牛乳乱舞【2】


 休日だからだろうか。軽快なポップミュージックの流れるスーパーマーケットは昼前でも賑わいがあった。カートを押してナメクジみたいな速さで食品を見て周る中年女性もいれば、目的の商品だけをカゴに詰めて先を急ぐ男性もいる。


 地元のスーパーに集まる人間は多種多様だ。その中に裏の仕事をしていた人間がちょっと紛れ込んでいても、誰も気がつかない。


 買い物かご片手に野菜コーナーで立ち止まっていた静音しずねは、スマホを閉じて逡巡しゅんじゅんする。

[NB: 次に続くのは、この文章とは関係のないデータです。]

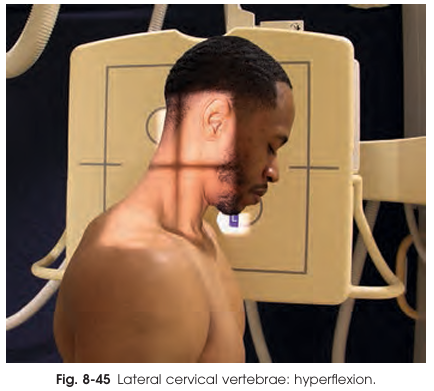 <ul><li><p>Patient drops head forward, chin toward the chest</p></li><li><p>Spinous processes appear elevated and widely separated</p></li></ul><p></p>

 奈緒なおのアイスだけ買って帰るつもりだったのだが、予定が変わってしまった。


 真信から送信されて来たのは買い物メモだった。複数店舗のチラシも添付されている。その中に描かれたいくつかの赤丸印。今日の特売品をついでに買ってこいとのことだった。


 全ての商品を購入するには店をハシゴするしかない。荷物の重さと最短ルートを計算して、一番早く買い物を済ませるスケジュールを導き出す。二通りまでパターンを絞って腕時計を見た。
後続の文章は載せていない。